Jayne Mansfield was in her time known as a trailer park Marilyn Monroe, despite coming from a family with money. Today she is probably best known as the mother of Law & Order: SVU's Mariska Hargitay(Olivia Benson). Jayne Mansfield was a larger than life personality who unfortunately fell into that age old Hollywood trap, alcohol, sex and low self worth.
In Jayne Mansfield and The American Fifties, the author Martha Saxton seems to claim that the Jayne Mansfield type could only find success in the 1950's. Jayne Mansfield was a caricature of sex, not actual sex. Jayne Mansfield was a tease, you could look but not touch. Jayne Mansfield's sexuality was fun and harmless not to be taken seriously. Jayne Mansfield was the ultimate sexy, dumb blonde. She was the male fantasy, which put her out of step with the women's sexual liberation of the 1960's. Jayne's crime was her inability to keep up with the times. Jayne's form of sexiness was considered old fashioned.
I personally think Jayne Mansfield was ahead of her time. I could easily see Jayne Mansfield starring in a reality show (think Anna Nicole Smith but funny). Jayne craved constant media attention and she wasn't afraid to get naked to get it.
Unfortunately this biography was just not that well written. The author relied too heavily on Jayne's mother's biased thoughts and opinions.
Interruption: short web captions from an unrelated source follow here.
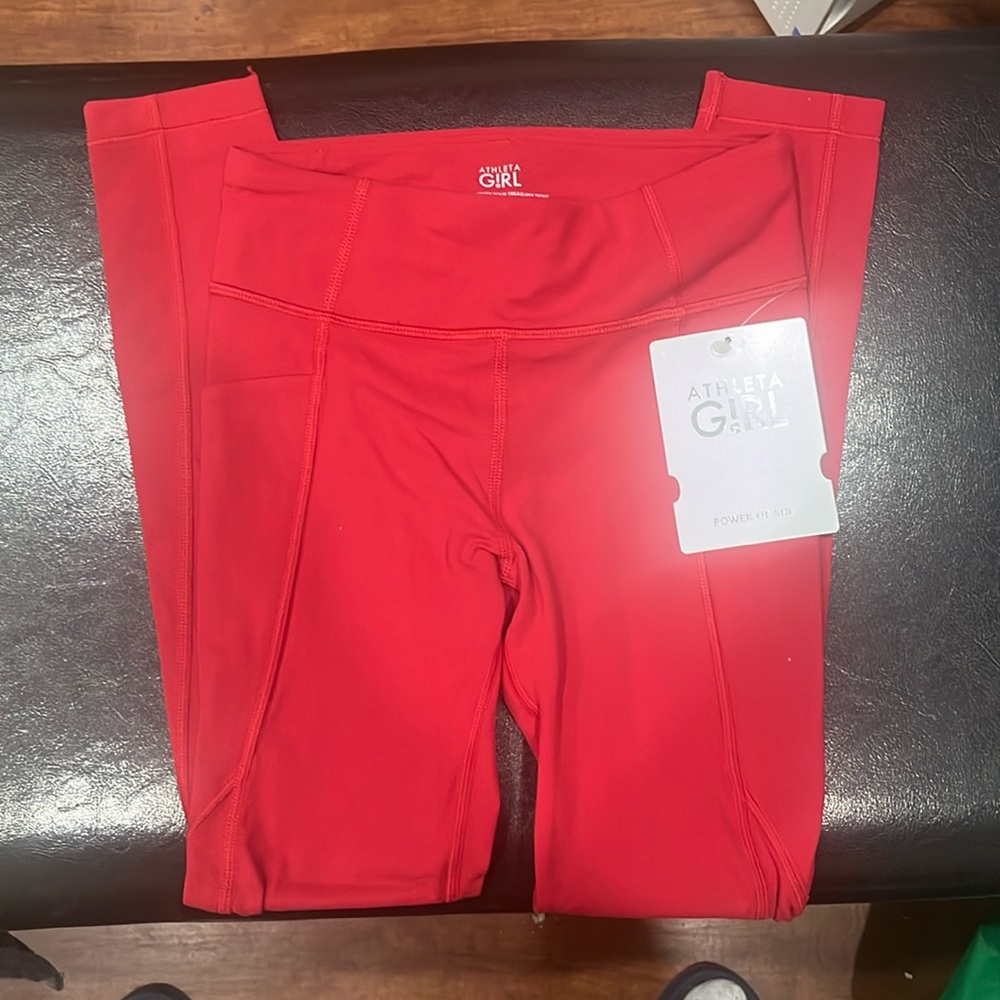Girls size 7 NWT Lulu lemon leggings. Color is red.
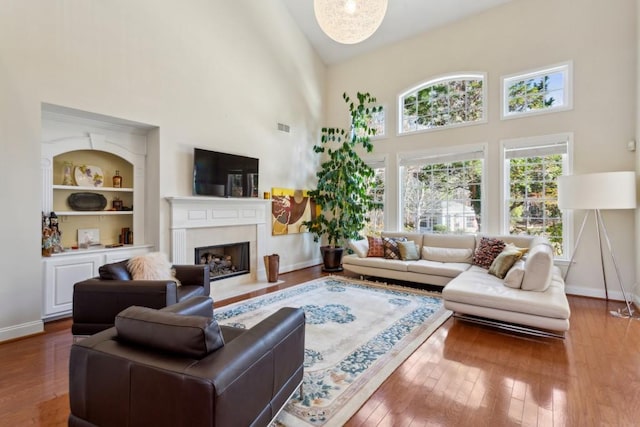 living room with wood-type flooring, built in features, and a high ceiling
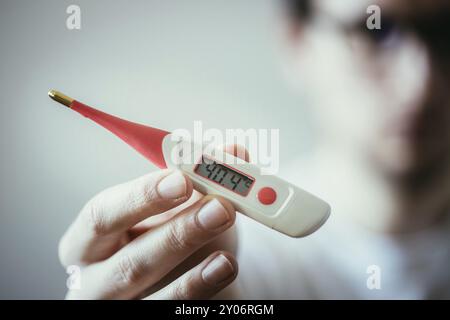 L'homme est titulaire d'un thermomètre rouge avec une température élevée à la main, visage floue Banque D'Images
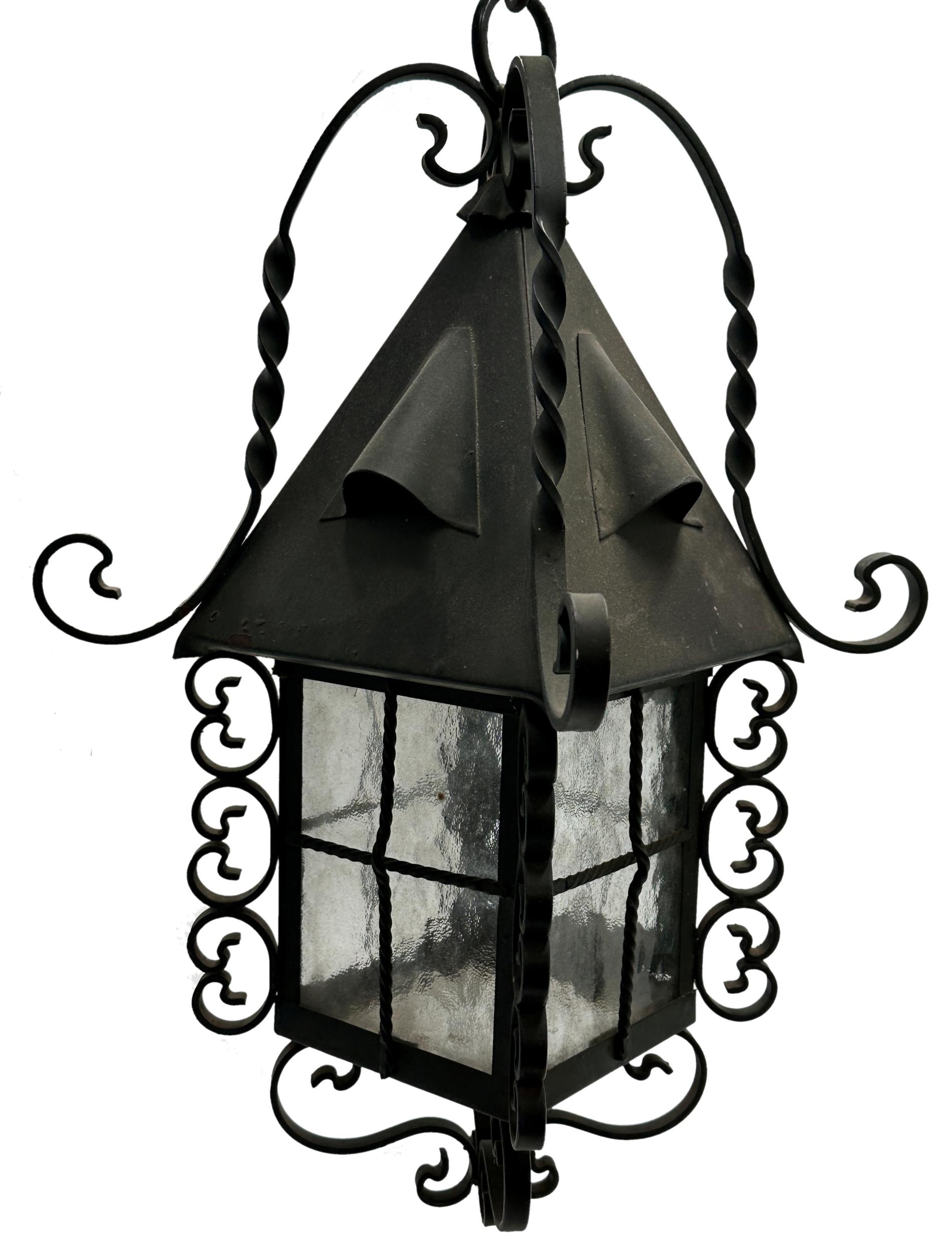 Large Arts & Crafts Twisted Metal & Glass Panel Hanging Lantern. H 50cm.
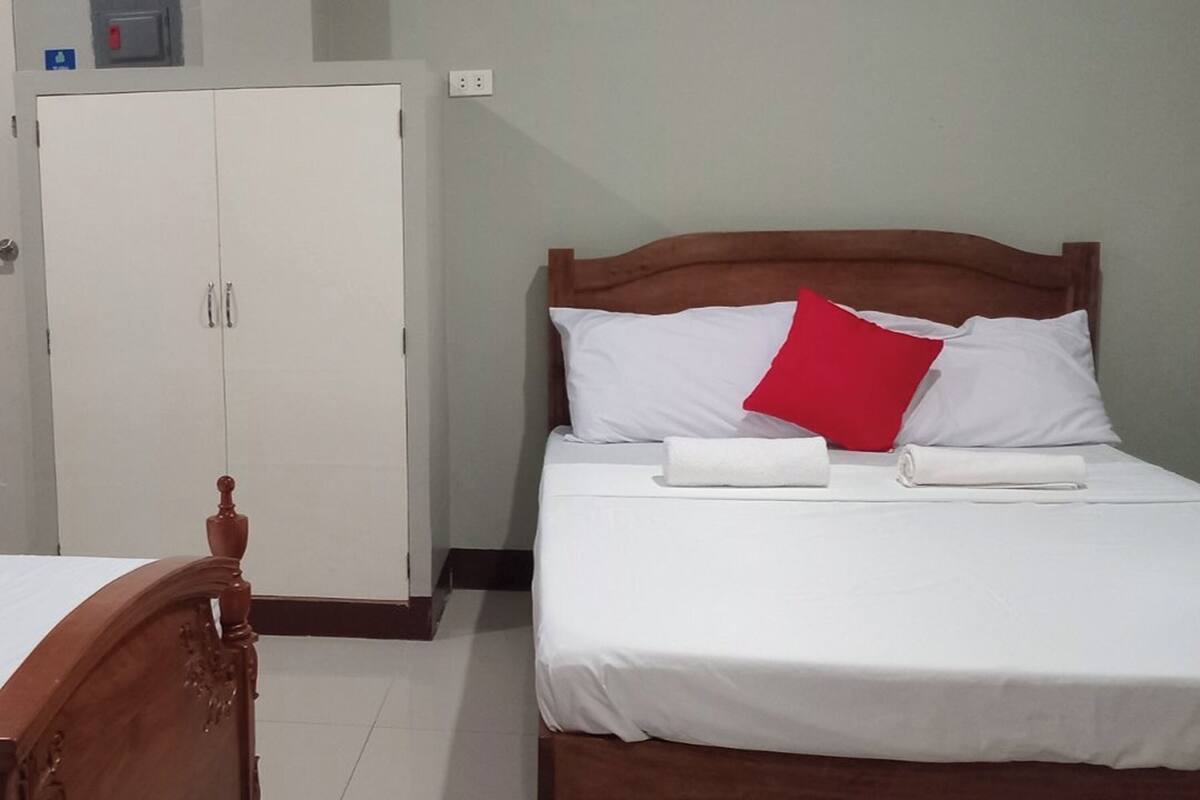 Una habitación de hotel con cama, armario y una mesita.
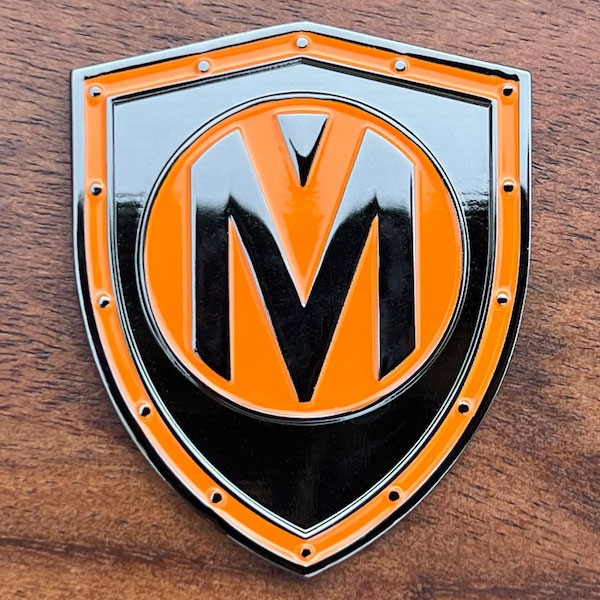 A custom shield-shaped challenge coin with an orange "V" and black "M" logo. 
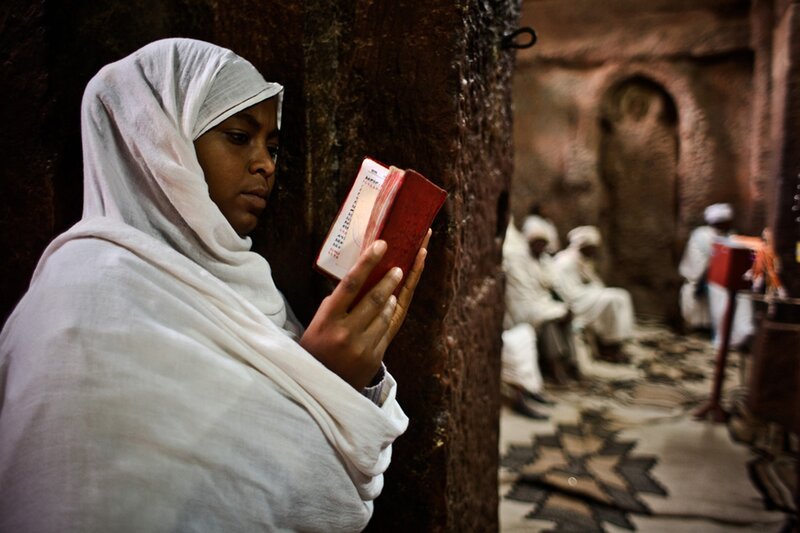 Woman reading in a church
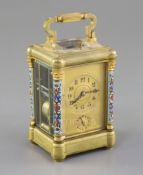 An early 20th century French ormolu and champleve enamel repeating carriage clock with alarm, with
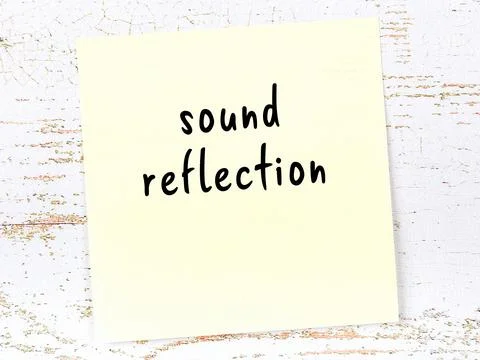Concept of reminder about sound reflection. Yellow sticky sheet of paper on w 写真素材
She also simply reprinted gossip and rumors including saying that Jayne was decapitated (she wasn't).
This biography wasnt great but it wasn't the worst either. It was just meh.
An interesting look at Jayne's life and looks contrasted with the 1960s world she found herself in. Blonde bombshells pretty much died with Marilyn Monroe, in fact Marilyn was moving away from it herself. She had slimmed down, smoothed her now-platinum hair into a sexy Doris Day style, and enjoyed colorful capri slacks with silky tops. Jayne moved out of some 50s styles, but went for the worst of 60s looks, ie, frosty pale lipstick with heavy Cleopatra styles, giant tacky bouffants with bows, etc. This book does an interesting job of discussing Jayne's somewhat bubblehead persona against the coming feminism. Unfortunately she gets one big fact wrong when she writes that Jayne lost her head in the accident. I was shocked to read this, even though the book was written while lawsuits were still pending, that myth should have been cleared up by then. If you're interested in Jayne or the changes in "female types" in just 10 short years, you'll enjoy this classic.
This book was published in 1975, when perhaps editors were a bit more easygoing. Martha Saxon, the back sleeve proclaims, is a graduate of the University of Chicago, and has worked for the Massachusetts Historical Society. It's not divulged in which capacity she worked, nor what qualifies her to take on the sweeping subject of Jayne Mansfield... and The American Fifties. Each topic is broad, with nuances and layers that can't be squashed together in one book any more than two huge breasts should squeeze into an ill fitting bra (that'll be the last of my chest puns I promise - that one was all I could commit to mammary). Ill fitting is the correct term for this book, and "book" might be overstating whatever this is. The title alone makes me think it was Miss Saxon's dissertation and it reads like an uneasy mix between that, a biography and a downright contemptuous and bitchy scandal rag.
Amidst loose speculation on the moral landscape of the times and how Jayne's all too familiar Hollywood rise and fall narrative fits into it, there is judgement and derision about the book's subject, which I found distracting and off putting. Blithe remarks such as "Jayne's performance isn't terrible. The role demanded that she displayed something other than a pout and her breasts" pepper the pages. Saxon also stops just shy of calling Jayne a publicity whore, and even says she was "not pretty".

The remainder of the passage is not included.